500 000 voyageurs en deux mois. Le Câble 1, premier téléphérique urbain d’Île-de-France, affiche des chiffres que même ses concepteurs n’avaient pas vus venir. Mis en service le 13 décembre entre Créteil et Villeneuve-Saint-Georges dans le Val-de-Marne, cet engin qui glisse à 30 mètres au-dessus des toits transporte 13 000 personnes par jour. Et les habitués, eux, n’ont plus envie de reprendre le bus.

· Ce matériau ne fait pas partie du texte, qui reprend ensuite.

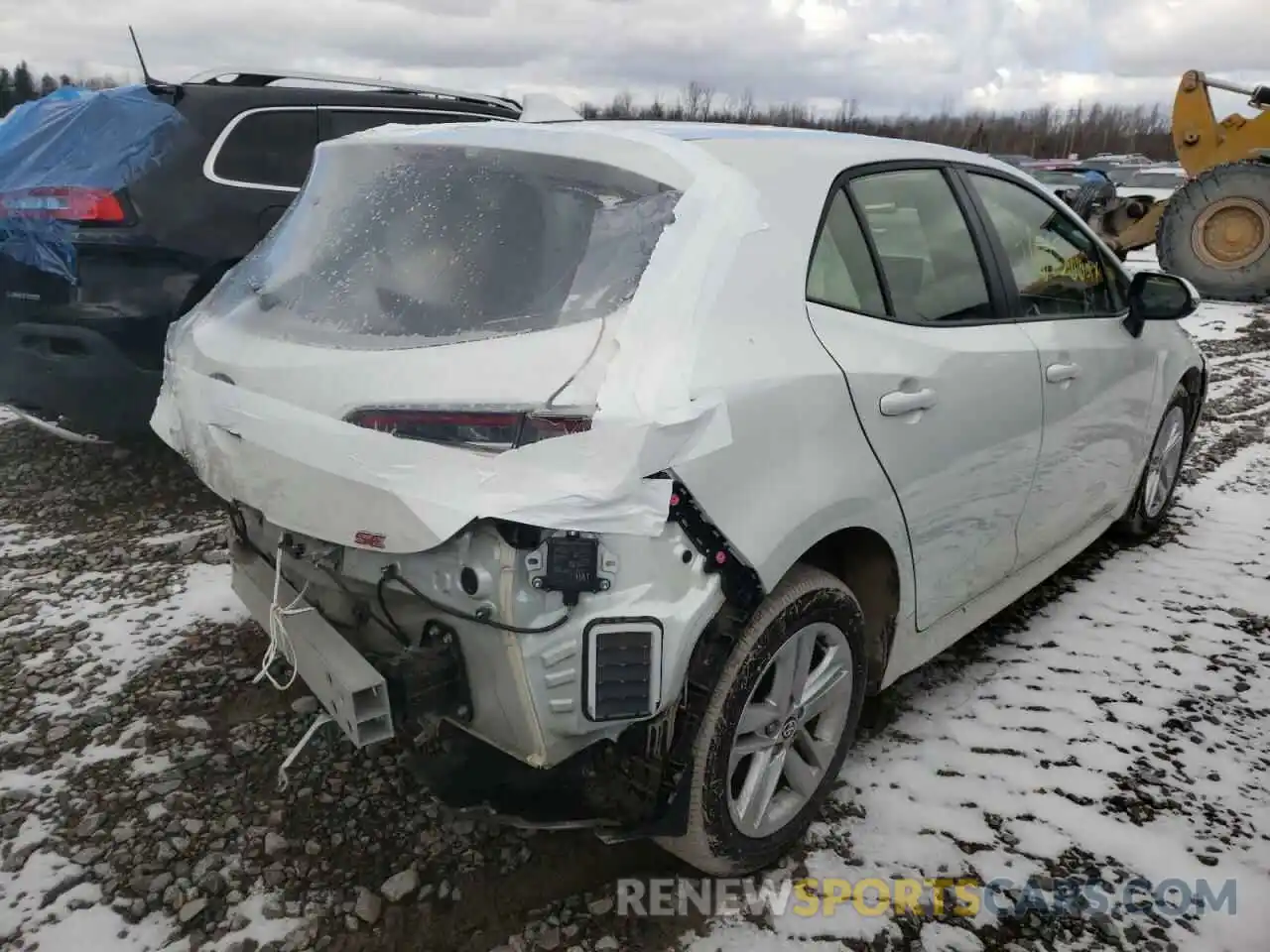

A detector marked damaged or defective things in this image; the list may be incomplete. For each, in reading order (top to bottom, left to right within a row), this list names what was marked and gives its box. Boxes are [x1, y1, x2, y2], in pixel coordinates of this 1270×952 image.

shattered rear glass [208, 141, 683, 349]
damaged white hatchback [154, 119, 1206, 877]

Plus long téléphérique urbain d’Europe

4,5 kilomètres de câbles tendus entre cinq stations. Le trajet complet prend une quinzaine de minutes, là où le bus mettait quarante bonnes minutes aux heures de pointe. Pour les habitants du sud du Val-de-Marne, c’est un petit bouleversement quotidien. Des quartiers enclavés depuis des décennies se retrouvent soudain connectés au réseau ferré, sans avoir à supporter les bouchons du matin.

Le projet, porté par Île-de-France Mobilités, aura coûté environ 135 millions d’euros. Pas donné, mais le pari semble déjà payant vu la fréquentation.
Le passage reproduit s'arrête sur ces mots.